AKANE
 そうなるとアザエルは、まだここでくたばる訳にはいかなかった。あの男、“ファウスト”をクロウ王の近くにのさばらせておくにはあまりに危険すぎる。
 しかしこの傷だと、そう長くはないことも経験からアザエルは察していた。
 長い年月をかけて、アザエルが手に掛けてきた人々の多くの傷を目にしてきたからである。最後までクロウを守りきることはできそうにはないが、せめて命が尽き切る前に、クロウを今ある危機から救い出す必要があった。 
 痛みを感じない訳では無かったが、アザエルはいつもと変わらぬ冷淡な表情のまま少年王の姿を探し続ける。
 アザエルの歩いた場所には点々と赤い血の道筋ができていった。

 この嵐がこの船にもたらしているダメージは甚大で、あちこちがひどく軋み、不気味な音を船内に響かせていた。しかし、リーベル号はなんとか転覆することなく持ちこたえている。それは、この船の船長であるアルノの的確な指示の賜物だとも言えるし、船乗り達の果敢な働きによるものだとも言えた。
「ルイ!」
 マストの柱に縄を縛りつけ、その縄を頼りに危険な船外に朱音を捜す為だけに来てくれていたらしい。朱音はずぶ濡れになった従者の少年を見るなり、こんな危険な目に遭わせてしまったことへの申し訳無さで涙が出そうになった。

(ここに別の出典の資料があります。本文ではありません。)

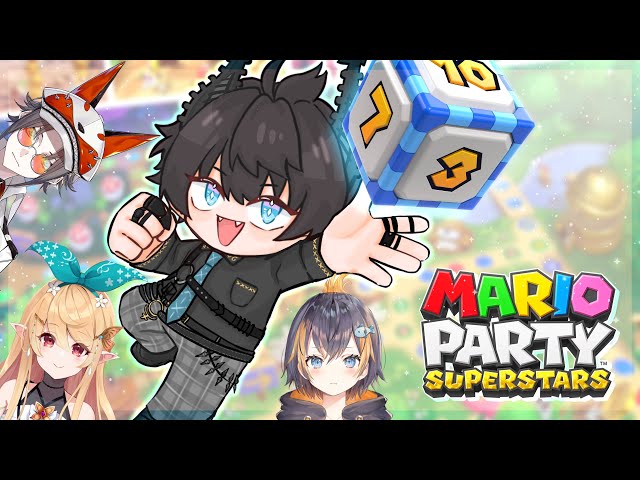 【MARIO PARTY SUPERSTARS】Senpai collab!【NIJISANJI EN | Ren Zotto】のサムネイル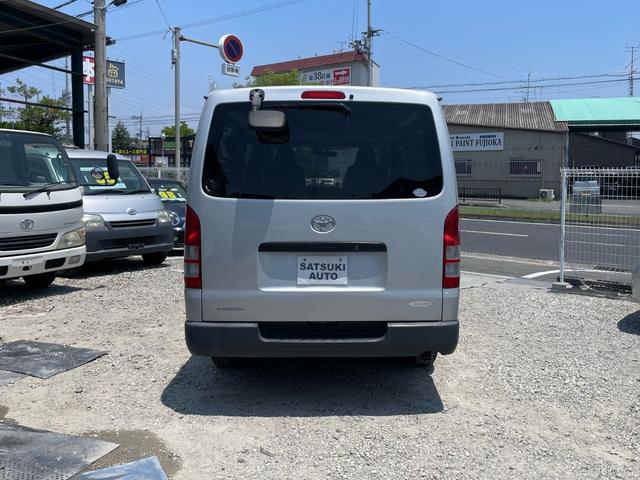 ハイエースバン ロングDX インパネ4速オートマ 運転席&助手席エアバッグ ABS エアコン パワステ パワーウインドウ CD ETC ドライブレコーダー 3人/6人乗り 後席両側スライドドア 取説 スペアキー(59枚目)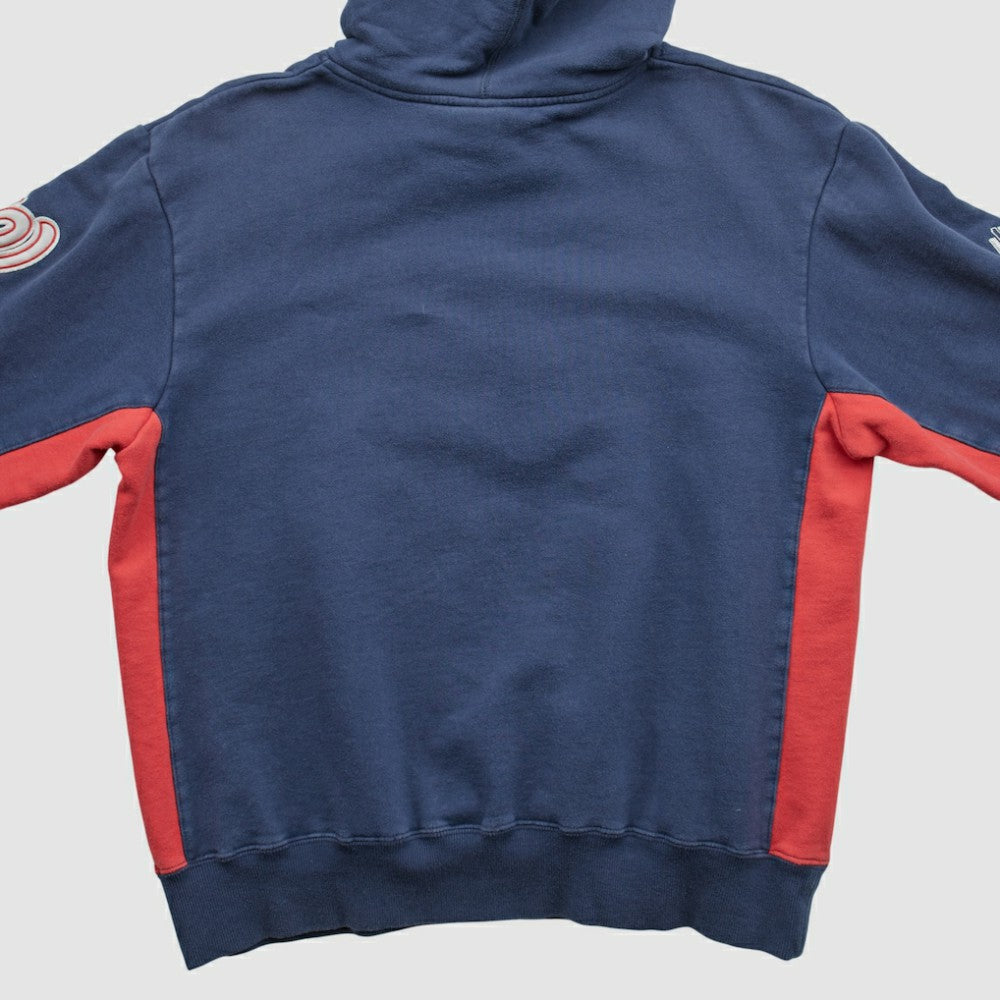 Washington Nationals Majestic 2000s Hooded Pullover Sweatshirt - Navy - M by Fanatics Real Vintage Pullover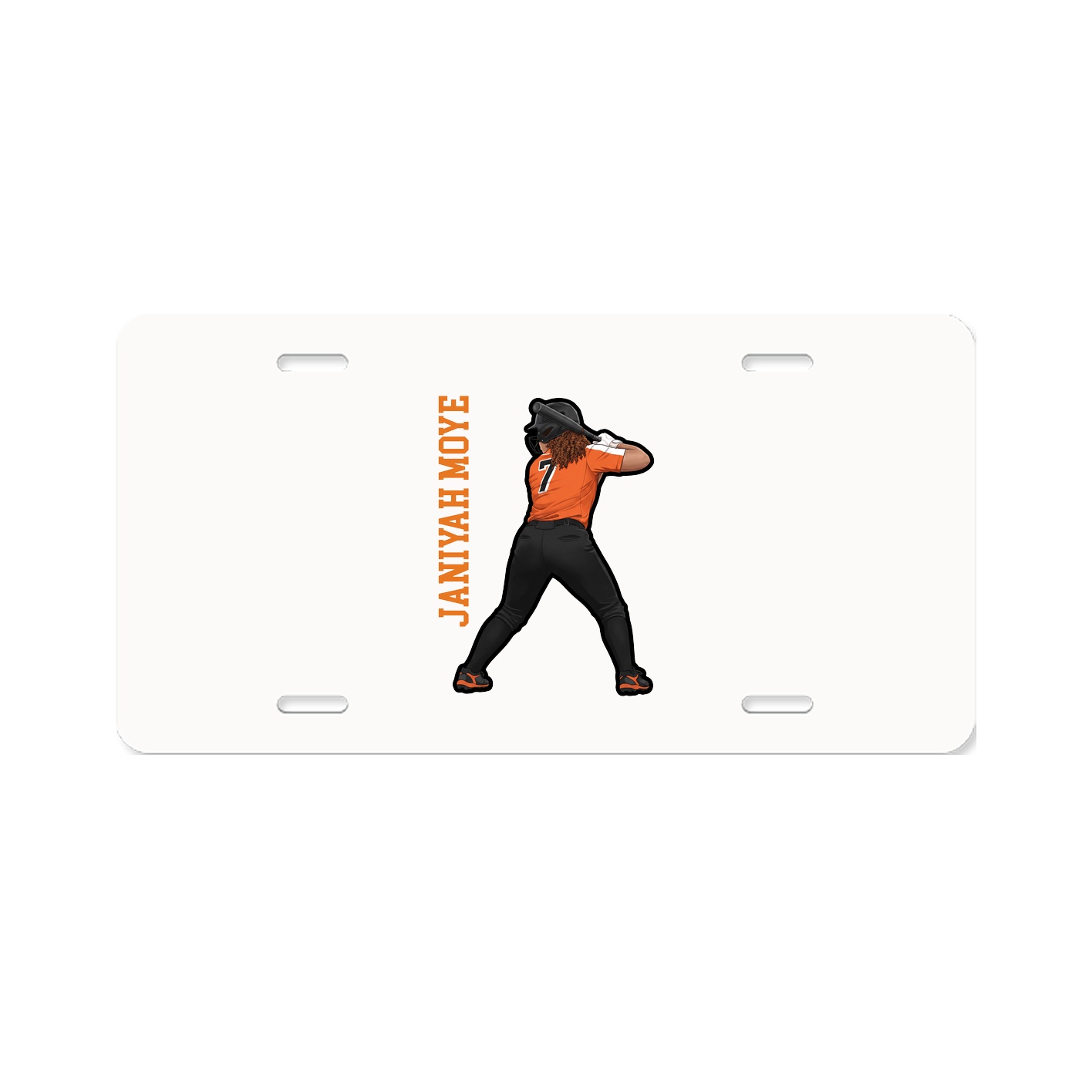 License Plate — Name Vertical in Classic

「ルイ! 今からアカネさんをそちらに渡します! しっかり腕を掴んでください!」
 クリストフが自らの首に回させていた朱音の腕をゆっくりと外すと、その身体を身長にルイの元へと引き渡そうとした。
 しかし、常にシーソーのように揺れる床では、滑り台のように傾いた側に二人の身体が流されてしまい、うまくルイの手に引き渡せない。
 甲板に流れ込む海水は容赦なくクリストフや朱音にぶつかり、体力を消耗させていく。
「うああああああ!!!」
 すぐ傍で、船乗りの一人が水流に飲まれて海へと流されていくのが視界に入った。